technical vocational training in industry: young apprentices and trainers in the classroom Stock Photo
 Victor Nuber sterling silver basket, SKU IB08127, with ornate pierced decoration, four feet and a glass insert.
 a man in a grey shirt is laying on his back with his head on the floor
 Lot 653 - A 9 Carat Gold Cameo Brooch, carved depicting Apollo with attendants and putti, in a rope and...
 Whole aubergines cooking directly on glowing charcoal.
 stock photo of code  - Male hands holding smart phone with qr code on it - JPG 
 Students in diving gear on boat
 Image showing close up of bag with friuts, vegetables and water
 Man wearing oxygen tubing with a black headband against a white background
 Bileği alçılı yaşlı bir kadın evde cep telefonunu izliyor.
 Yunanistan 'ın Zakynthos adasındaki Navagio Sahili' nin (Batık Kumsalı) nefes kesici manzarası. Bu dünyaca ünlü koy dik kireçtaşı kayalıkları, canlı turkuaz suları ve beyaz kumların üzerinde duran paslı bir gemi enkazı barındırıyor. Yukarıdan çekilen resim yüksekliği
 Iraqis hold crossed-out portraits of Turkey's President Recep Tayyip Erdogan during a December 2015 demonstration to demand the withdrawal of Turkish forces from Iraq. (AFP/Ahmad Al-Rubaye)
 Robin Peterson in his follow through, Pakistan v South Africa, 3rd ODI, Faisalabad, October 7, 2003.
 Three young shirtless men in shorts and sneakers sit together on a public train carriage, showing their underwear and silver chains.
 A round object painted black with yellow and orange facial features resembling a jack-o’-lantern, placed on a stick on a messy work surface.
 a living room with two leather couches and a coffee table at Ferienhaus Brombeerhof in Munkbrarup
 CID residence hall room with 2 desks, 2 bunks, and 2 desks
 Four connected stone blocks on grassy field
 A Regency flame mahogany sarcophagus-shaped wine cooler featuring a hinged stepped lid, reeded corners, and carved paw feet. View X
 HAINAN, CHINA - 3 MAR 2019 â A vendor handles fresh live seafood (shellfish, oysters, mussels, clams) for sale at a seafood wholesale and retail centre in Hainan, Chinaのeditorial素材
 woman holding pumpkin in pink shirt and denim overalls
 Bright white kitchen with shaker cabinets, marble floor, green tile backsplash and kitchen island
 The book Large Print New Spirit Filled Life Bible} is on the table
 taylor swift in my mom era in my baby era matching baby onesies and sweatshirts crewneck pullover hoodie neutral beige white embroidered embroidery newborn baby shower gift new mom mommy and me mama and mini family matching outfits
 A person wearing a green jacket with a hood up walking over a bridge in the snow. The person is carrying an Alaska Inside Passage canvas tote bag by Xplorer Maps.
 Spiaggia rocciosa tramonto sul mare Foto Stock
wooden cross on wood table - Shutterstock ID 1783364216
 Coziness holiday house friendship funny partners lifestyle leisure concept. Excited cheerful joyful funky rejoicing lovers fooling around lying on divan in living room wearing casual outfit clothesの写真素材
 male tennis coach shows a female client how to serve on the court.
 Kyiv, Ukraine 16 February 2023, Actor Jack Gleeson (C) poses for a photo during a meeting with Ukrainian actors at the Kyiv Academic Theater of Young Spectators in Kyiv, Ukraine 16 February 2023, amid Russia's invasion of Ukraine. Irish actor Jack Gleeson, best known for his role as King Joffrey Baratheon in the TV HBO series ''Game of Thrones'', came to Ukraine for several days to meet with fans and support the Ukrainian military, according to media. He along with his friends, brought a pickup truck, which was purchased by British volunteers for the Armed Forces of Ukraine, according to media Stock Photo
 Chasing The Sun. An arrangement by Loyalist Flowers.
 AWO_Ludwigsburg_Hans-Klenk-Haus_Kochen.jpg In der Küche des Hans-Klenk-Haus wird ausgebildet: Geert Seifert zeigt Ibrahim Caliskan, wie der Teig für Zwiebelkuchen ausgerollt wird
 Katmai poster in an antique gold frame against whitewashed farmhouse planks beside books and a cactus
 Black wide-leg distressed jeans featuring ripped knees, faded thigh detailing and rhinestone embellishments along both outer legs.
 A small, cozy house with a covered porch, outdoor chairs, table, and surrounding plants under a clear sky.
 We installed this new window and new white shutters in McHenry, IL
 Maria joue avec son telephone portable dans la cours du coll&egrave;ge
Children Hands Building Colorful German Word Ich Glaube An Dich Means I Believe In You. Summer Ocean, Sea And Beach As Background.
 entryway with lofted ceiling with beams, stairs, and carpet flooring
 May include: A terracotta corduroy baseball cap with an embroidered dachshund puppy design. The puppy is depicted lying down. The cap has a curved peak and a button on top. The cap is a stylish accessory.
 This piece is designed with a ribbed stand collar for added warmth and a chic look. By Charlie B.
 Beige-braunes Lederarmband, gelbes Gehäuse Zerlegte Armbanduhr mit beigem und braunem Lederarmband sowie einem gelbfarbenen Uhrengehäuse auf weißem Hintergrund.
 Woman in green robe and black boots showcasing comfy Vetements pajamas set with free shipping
━━━━━━━━━━━━━━━━
WHAT TO PRODUCE:
Copy down every record, keeping each one exact.

RESULT OF THIS EXERCISE:
technical vocational training in industry: young apprentices and trainers in the classroom Stock Photo
 Victor Nuber sterling silver basket, SKU IB08127, with ornate pierced decoration, four feet and a glass insert.
 a man in a grey shirt is laying on his back with his head on the floor
 Lot 653 - A 9 Carat Gold Cameo Brooch, carved depicting Apollo with attendants and putti, in a rope and...
 Whole aubergines cooking directly on glowing charcoal.
 stock photo of code  - Male hands holding smart phone with qr code on it - JPG 
 Students in diving gear on boat
 Image showing close up of bag with friuts, vegetables and water
 Man wearing oxygen tubing with a black headband against a white background
 Bileği alçılı yaşlı bir kadın evde cep telefonunu izliyor.
 Yunanistan 'ın Zakynthos adasındaki Navagio Sahili' nin (Batık Kumsalı) nefes kesici manzarası. Bu dünyaca ünlü koy dik kireçtaşı kayalıkları, canlı turkuaz suları ve beyaz kumların üzerinde duran paslı bir gemi enkazı barındırıyor. Yukarıdan çekilen resim yüksekliği
 Iraqis hold crossed-out portraits of Turkey's President Recep Tayyip Erdogan during a December 2015 demonstration to demand the withdrawal of Turkish forces from Iraq. (AFP/Ahmad Al-Rubaye)
 Robin Peterson in his follow through, Pakistan v South Africa, 3rd ODI, Faisalabad, October 7, 2003.
 Three young shirtless men in shorts and sneakers sit together on a public train carriage, showing their underwear and silver chains.
 A round object painted black with yellow and orange facial features resembling a jack-o’-lantern, placed on a stick on a messy work surface.
 a living room with two leather couches and a coffee table at Ferienhaus Brombeerhof in Munkbrarup
 CID residence hall room with 2 desks, 2 bunks, and 2 desks
 Four connected stone blocks on grassy field
 A Regency flame mahogany sarcophagus-shaped wine cooler featuring a hinged stepped lid, reeded corners, and carved paw feet. View X
 HAINAN, CHINA - 3 MAR 2019 â A vendor handles fresh live seafood (shellfish, oysters, mussels, clams) for sale at a seafood wholesale and retail centre in Hainan, Chinaのeditorial素材
 woman holding pumpkin in pink shirt and denim overalls
 Bright white kitchen with shaker cabinets, marble floor, green tile backsplash and kitchen island
 The book Large Print New Spirit Filled Life Bible} is on the table
 taylor swift in my mom era in my baby era matching baby onesies and sweatshirts crewneck pullover hoodie neutral beige white embroidered embroidery newborn baby shower gift new mom mommy and me mama and mini family matching outfits
 A person wearing a green jacket with a hood up walking over a bridge in the snow. The person is carrying an Alaska Inside Passage canvas tote bag by Xplorer Maps.
 Spiaggia rocciosa tramonto sul mare Foto Stock
wooden cross on wood table - Shutterstock ID 1783364216
 Coziness holiday house friendship funny partners lifestyle leisure concept. Excited cheerful joyful funky rejoicing lovers fooling around lying on divan in living room wearing casual outfit clothesの写真素材
 male tennis coach shows a female client how to serve on the court.
 Kyiv, Ukraine 16 February 2023, Actor Jack Gleeson (C) poses for a photo during a meeting with Ukrainian actors at the Kyiv Academic Theater of Young Spectators in Kyiv, Ukraine 16 February 2023, amid Russia's invasion of Ukraine. Irish actor Jack Gleeson, best known for his role as King Joffrey Baratheon in the TV HBO series ''Game of Thrones'', came to Ukraine for several days to meet with fans and support the Ukrainian military, according to media. He along with his friends, brought a pickup truck, which was purchased by British volunteers for the Armed Forces of Ukraine, according to media Stock Photo
 Chasing The Sun. An arrangement by Loyalist Flowers.
 AWO_Ludwigsburg_Hans-Klenk-Haus_Kochen.jpg In der Küche des Hans-Klenk-Haus wird ausgebildet: Geert Seifert zeigt Ibrahim Caliskan, wie der Teig für Zwiebelkuchen ausgerollt wird
 Katmai poster in an antique gold frame against whitewashed farmhouse planks beside books and a cactus
 Black wide-leg distressed jeans featuring ripped knees, faded thigh detailing and rhinestone embellishments along both outer legs.
 A small, cozy house with a covered porch, outdoor chairs, table, and surrounding plants under a clear sky.
 We installed this new window and new white shutters in McHenry, IL
 Maria joue avec son telephone portable dans la cours du coll&egrave;ge
Children Hands Building Colorful German Word Ich Glaube An Dich Means I Believe In You. Summer Ocean, Sea And Beach As Background.
 entryway with lofted ceiling with beams, stairs, and carpet flooring
 May include: A terracotta corduroy baseball cap with an embroidered dachshund puppy design. The puppy is depicted lying down. The cap has a curved peak and a button on top. The cap is a stylish accessory.
 This piece is designed with a ribbed stand collar for added warmth and a chic look. By Charlie B.
 Beige-braunes Lederarmband, gelbes Gehäuse Zerlegte Armbanduhr mit beigem und braunem Lederarmband sowie einem gelbfarbenen Uhrengehäuse auf weißem Hintergrund.
 Woman in green robe and black boots showcasing comfy Vetements pajamas set with free shipping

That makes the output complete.